"O'Meara masterfully situates Pryzwara in relation to the traditional and contemporary theological, philosophical, ecclesial, cultural, and social contexts within which he wrote." --William P. Loewe, professor of religious studies, Catholic University of America
Erich Przywara, S.J. (1889-1972) is one of the important Catholic intellectuals of the twentieth century. Yet, in the English-speaking world Przywara remains largely unknown. Few of his sixty books or six hundred articles have been translated. In this engaging new book, Thomas O'Meara offers a comprehensive study of the German Jesuit Erich Przywara and his philosophical theology. Przywara's scholarly contributions were remarkable. He was one of three theologians who introduced the writings of John Henry Cardinal Newman into Germany. From his position at the Jesuit journal in Munich, Stimmen der Zeit, he offered an open and broad Catholic perspective on the cultural, philosophical, and theological currents of his time. As one of the first Catholic intellectuals to employ the phenomenologies of Edmund Husserl and Max Scheler, he was also responsible for giving an influential, more theological interpretation of the Spiritual Exercises of Ignatius Loyola. Przywara was also deeply engaged in the ideas and authors of his times. He was the first Catholic dialogue partner of Karl Barth and Paul Tillich. Edmund Husserl was counted among Przywara's friends, and Edith Stein was a close personal and intellectual companion. Through his interactions with important figures of his age and his writings, ranging from speculative systems to liturgical hymns, Przywara was of marked importance in furthering a varied dialogue between German Catholicism and modern culture.

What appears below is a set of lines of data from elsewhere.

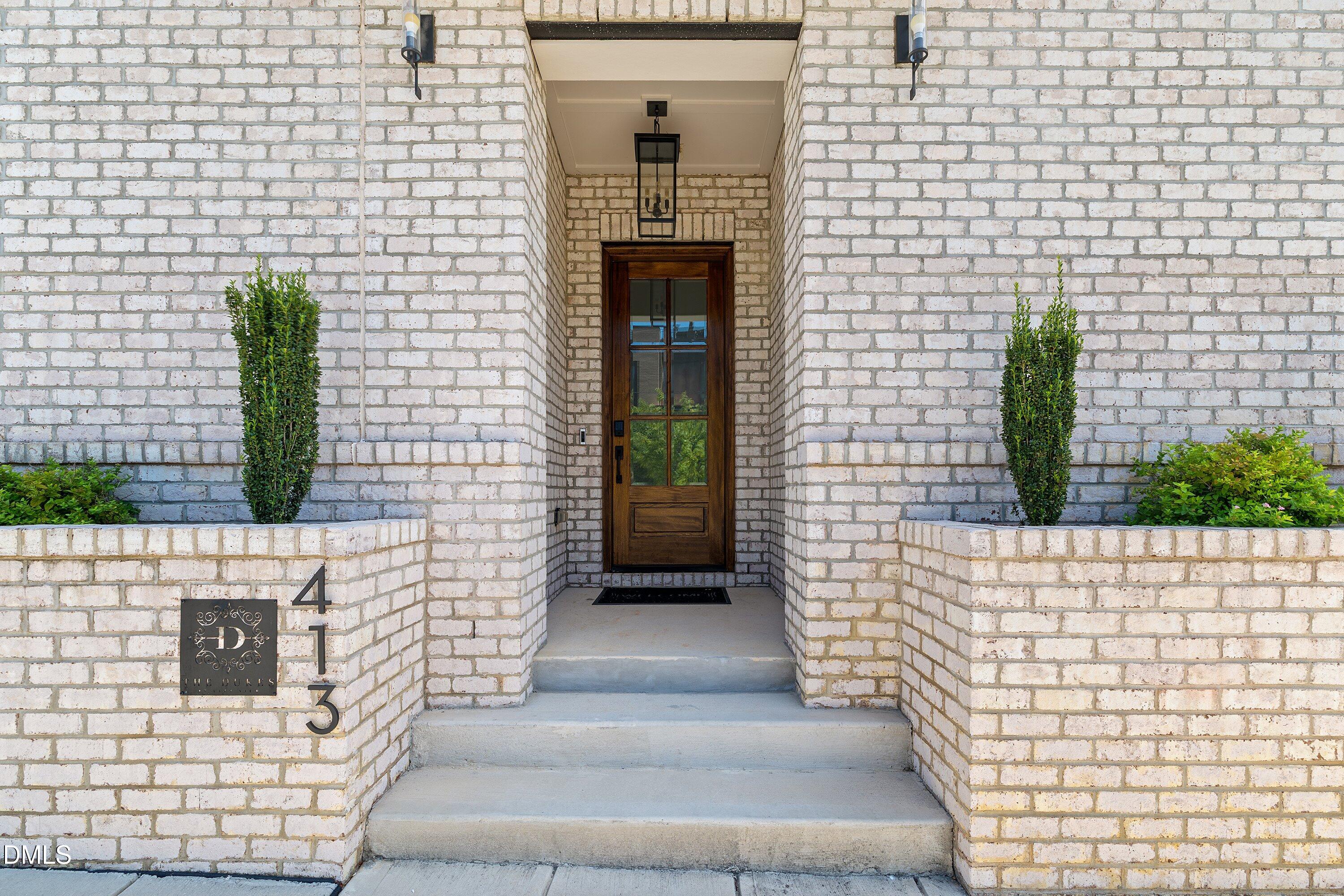 413 W Lenoir Street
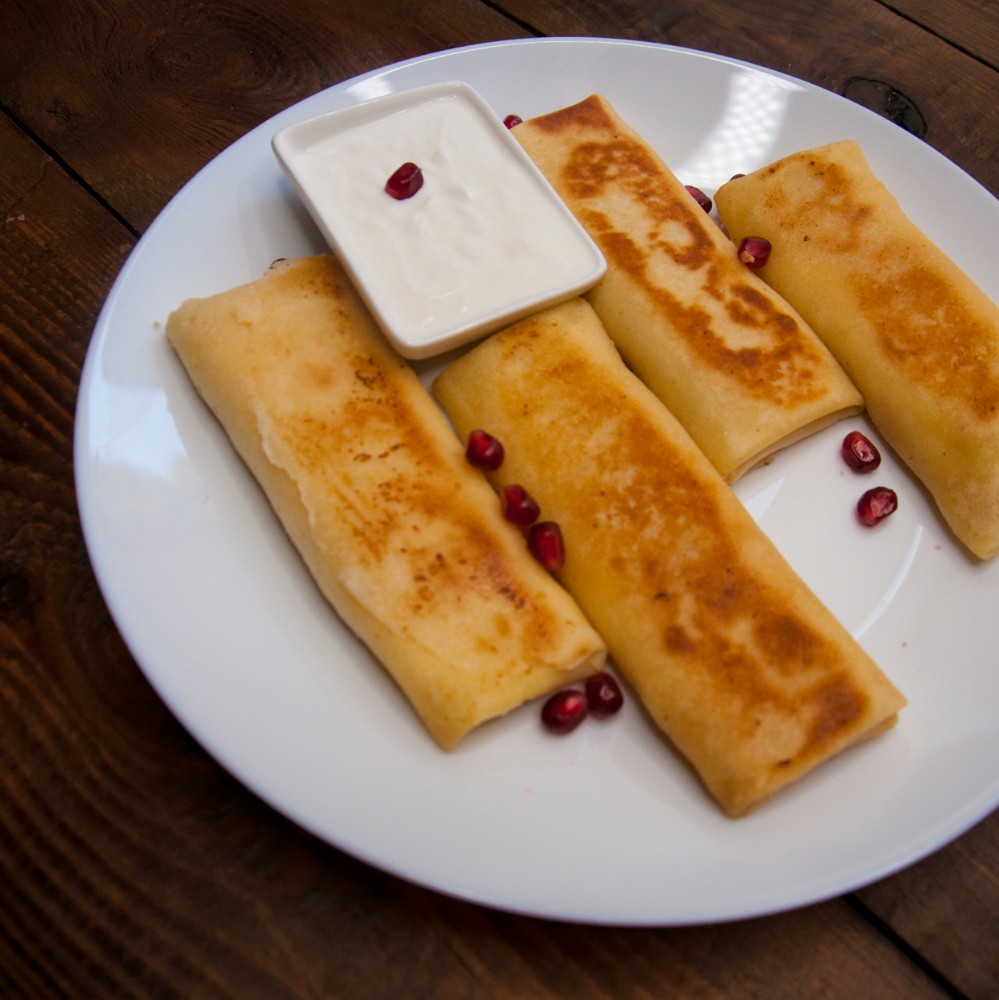 Млинці з сиром та родзинками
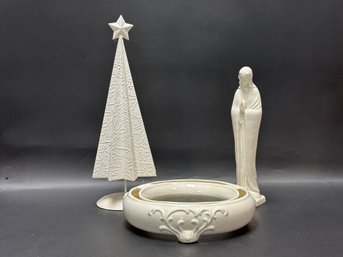 A Pretty Grouping Of Decorative Holiday Items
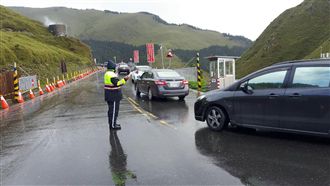 蘇花公路坍方搶通　周末假日白天放行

Following a foreword by Michael Fahey, S.J., O'Meara presents a chapter on Pryzwara's life and a chronology of his writings. O'Meara then discusses Pryzwara's philosophical theology, his lecture-courses at German universities on Augustine and Aquinas, his philosophy of religion, and his influence on important intellectual contemporaries. O'Meara concludes with an in-depth analysis of Pryzwara's theology, focusing particularly on his Catholic views of person, liturgy, and church.